START Exercise materials

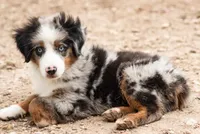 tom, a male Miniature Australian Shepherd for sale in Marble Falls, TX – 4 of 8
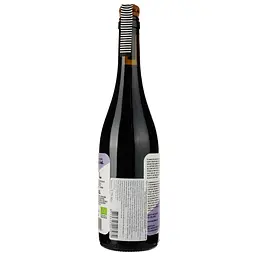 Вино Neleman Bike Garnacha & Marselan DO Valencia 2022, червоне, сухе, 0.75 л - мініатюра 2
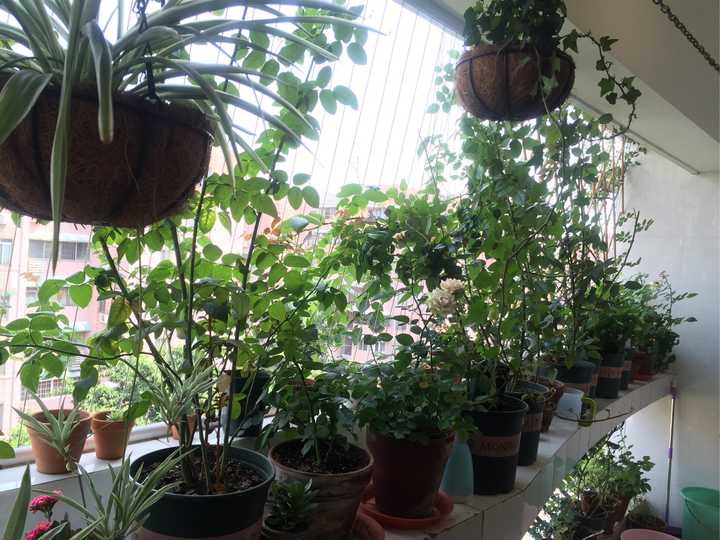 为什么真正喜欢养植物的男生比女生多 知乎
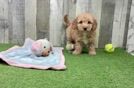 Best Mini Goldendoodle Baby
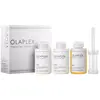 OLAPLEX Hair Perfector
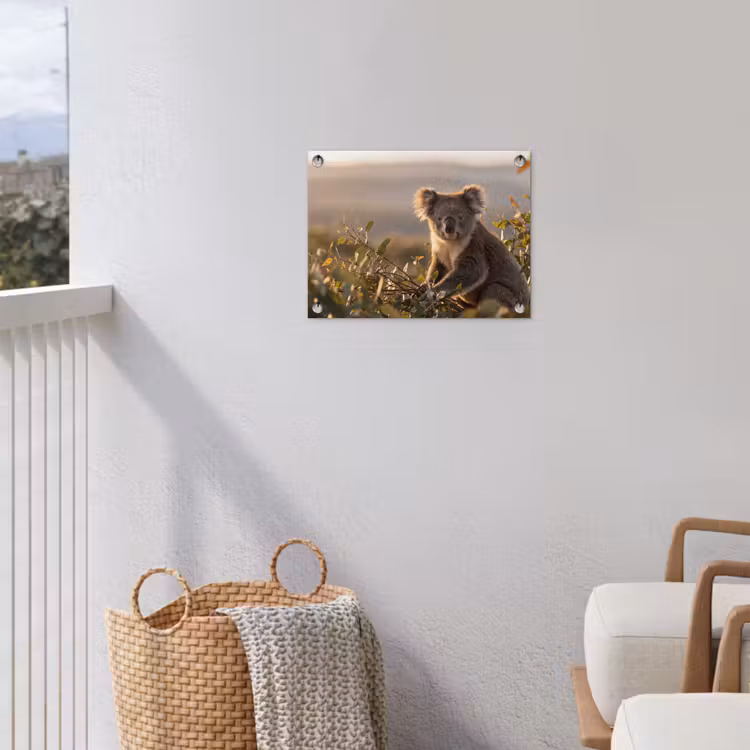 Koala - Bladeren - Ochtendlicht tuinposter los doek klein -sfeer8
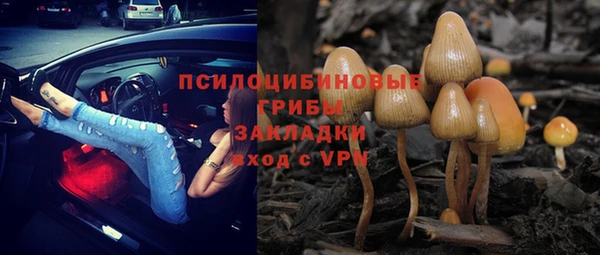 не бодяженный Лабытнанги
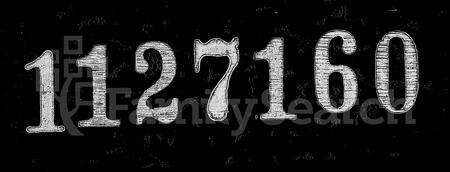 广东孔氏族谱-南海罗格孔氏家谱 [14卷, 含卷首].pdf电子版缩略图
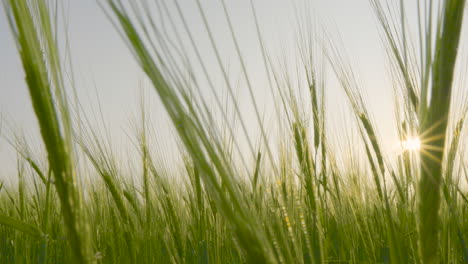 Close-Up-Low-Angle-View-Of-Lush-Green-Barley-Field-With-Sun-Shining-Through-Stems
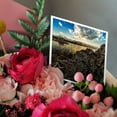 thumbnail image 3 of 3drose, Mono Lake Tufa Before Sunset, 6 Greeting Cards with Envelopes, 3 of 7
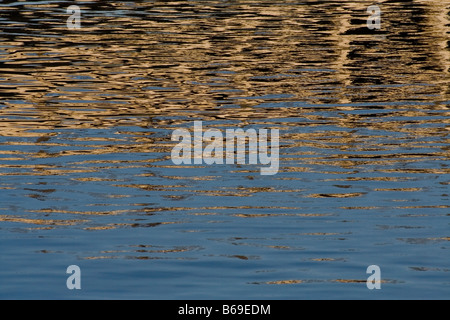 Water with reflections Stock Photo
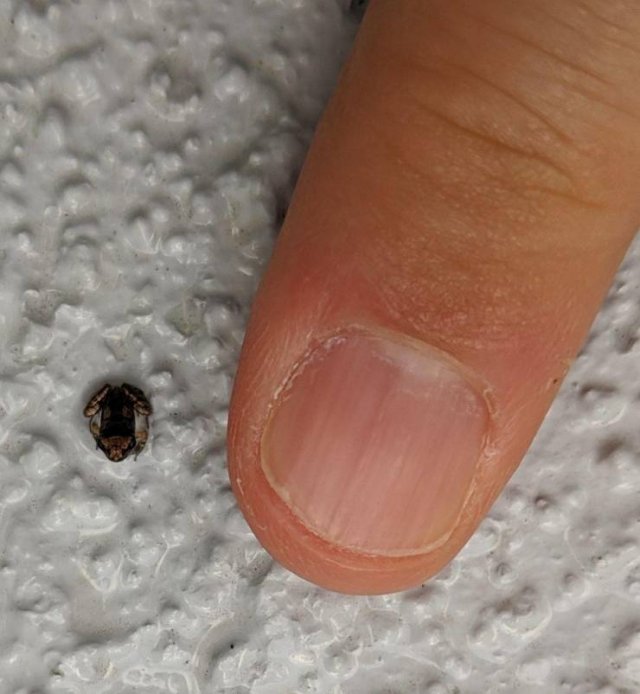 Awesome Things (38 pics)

END Exercise materials
START Exercise materials

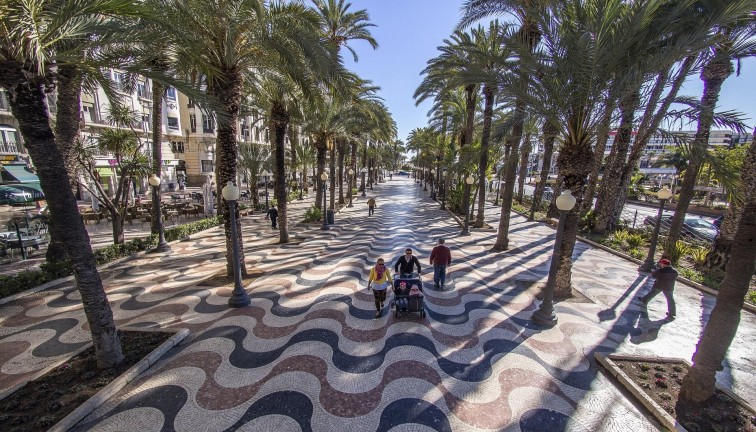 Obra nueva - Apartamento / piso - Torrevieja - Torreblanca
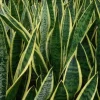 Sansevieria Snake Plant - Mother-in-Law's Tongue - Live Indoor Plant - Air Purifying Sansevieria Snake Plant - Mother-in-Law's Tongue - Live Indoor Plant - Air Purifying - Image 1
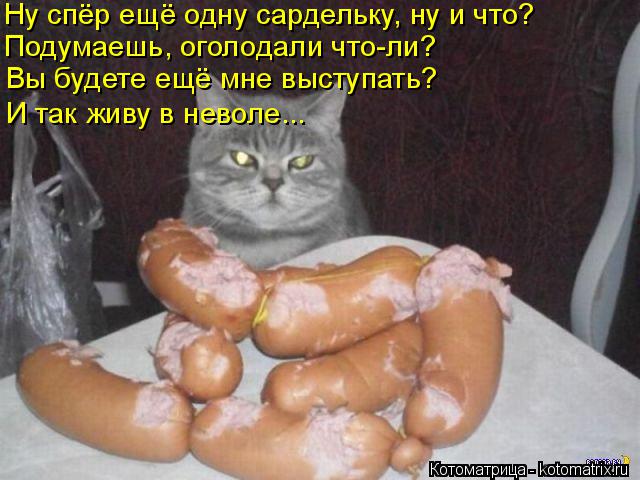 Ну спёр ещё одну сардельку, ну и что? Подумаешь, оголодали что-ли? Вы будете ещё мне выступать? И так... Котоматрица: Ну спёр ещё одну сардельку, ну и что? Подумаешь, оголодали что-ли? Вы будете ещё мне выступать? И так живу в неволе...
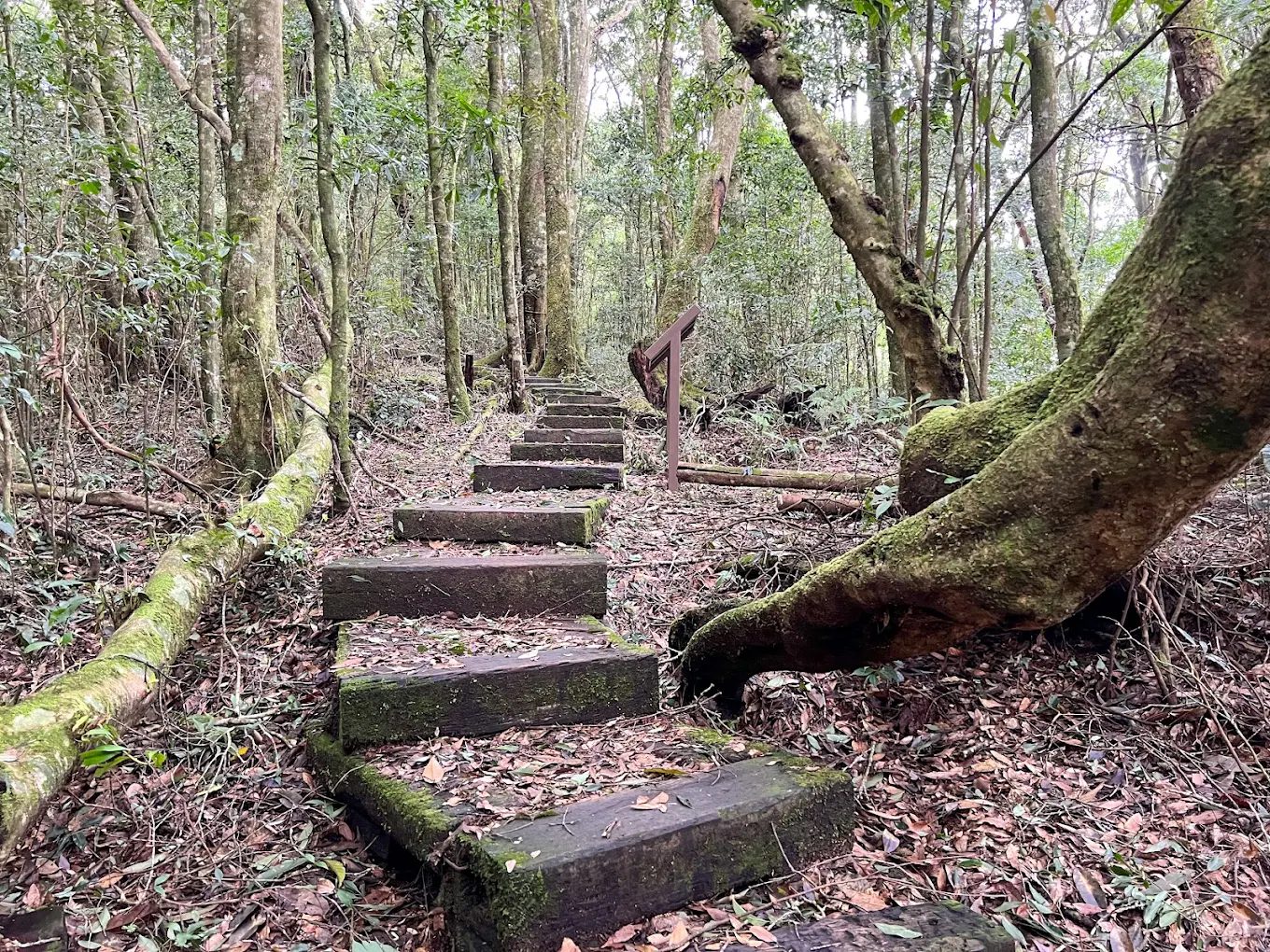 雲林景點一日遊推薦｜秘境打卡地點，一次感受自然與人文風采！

END Exercise materials

**Brief**
With the pictures removed, print only the lines starting at the line that has "не бодяженный Лабытнанги" and ending at the line that has "Awesome Things (38 pics)", both ends included, exactly as they stand above.

**The completed task**
 не бодяженный Лабытнанги
 广东孔氏族谱-南海罗格孔氏家谱 [14卷, 含卷首].pdf电子版缩略图
 Close-Up-Low-Angle-View-Of-Lush-Green-Barley-Field-With-Sun-Shining-Through-Stems
 thumbnail image 3 of 3drose, Mono Lake Tufa Before Sunset, 6 Greeting Cards with Envelopes, 3 of 7
 Water with reflections Stock Photo
 Awesome Things (38 pics)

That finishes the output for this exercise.